__Exercise details__. Where a line of the listing below includes the word "image", reproduce that line.

__Dataset records__.
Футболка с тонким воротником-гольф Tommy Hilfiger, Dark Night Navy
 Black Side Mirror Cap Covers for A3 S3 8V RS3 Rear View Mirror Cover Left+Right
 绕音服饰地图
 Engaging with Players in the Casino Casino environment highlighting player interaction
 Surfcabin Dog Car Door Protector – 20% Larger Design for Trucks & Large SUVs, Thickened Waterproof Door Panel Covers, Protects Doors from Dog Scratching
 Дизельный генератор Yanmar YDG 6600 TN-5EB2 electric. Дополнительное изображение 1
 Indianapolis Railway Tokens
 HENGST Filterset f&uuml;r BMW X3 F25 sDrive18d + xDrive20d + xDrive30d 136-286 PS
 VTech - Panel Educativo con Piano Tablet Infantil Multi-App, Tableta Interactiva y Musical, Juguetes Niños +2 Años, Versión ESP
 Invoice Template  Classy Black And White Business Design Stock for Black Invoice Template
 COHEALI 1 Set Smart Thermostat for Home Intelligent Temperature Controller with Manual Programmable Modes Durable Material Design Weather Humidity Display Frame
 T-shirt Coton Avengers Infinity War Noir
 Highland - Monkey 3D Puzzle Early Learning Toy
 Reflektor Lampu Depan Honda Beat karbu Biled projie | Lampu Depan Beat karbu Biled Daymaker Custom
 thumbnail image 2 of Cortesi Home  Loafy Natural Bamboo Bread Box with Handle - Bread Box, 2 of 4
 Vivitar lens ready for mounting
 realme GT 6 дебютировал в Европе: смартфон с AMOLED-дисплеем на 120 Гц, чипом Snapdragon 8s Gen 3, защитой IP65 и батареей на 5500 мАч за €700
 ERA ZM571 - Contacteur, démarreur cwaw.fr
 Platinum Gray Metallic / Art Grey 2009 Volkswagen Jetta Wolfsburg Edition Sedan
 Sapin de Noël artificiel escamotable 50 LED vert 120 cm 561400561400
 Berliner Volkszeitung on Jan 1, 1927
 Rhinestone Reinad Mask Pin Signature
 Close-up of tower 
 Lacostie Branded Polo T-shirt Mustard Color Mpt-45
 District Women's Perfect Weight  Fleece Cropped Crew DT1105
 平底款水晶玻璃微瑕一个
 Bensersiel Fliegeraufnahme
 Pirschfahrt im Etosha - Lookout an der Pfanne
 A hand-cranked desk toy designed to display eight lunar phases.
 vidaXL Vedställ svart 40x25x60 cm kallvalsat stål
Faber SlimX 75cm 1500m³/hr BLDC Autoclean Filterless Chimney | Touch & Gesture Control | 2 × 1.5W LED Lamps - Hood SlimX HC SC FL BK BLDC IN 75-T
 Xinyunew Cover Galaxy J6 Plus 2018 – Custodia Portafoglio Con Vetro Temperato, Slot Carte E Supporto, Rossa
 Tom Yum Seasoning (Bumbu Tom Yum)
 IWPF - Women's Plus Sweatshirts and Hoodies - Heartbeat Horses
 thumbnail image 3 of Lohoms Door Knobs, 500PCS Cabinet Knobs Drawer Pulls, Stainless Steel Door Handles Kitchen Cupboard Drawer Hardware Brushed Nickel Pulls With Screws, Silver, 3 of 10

__Exercise answer__.
 thumbnail image 2 of Cortesi Home  Loafy Natural Bamboo Bread Box with Handle - Bread Box, 2 of 4
 thumbnail image 3 of Lohoms Door Knobs, 500PCS Cabinet Knobs Drawer Pulls, Stainless Steel Door Handles Kitchen Cupboard Drawer Hardware Brushed Nickel Pulls With Screws, Silver, 3 of 10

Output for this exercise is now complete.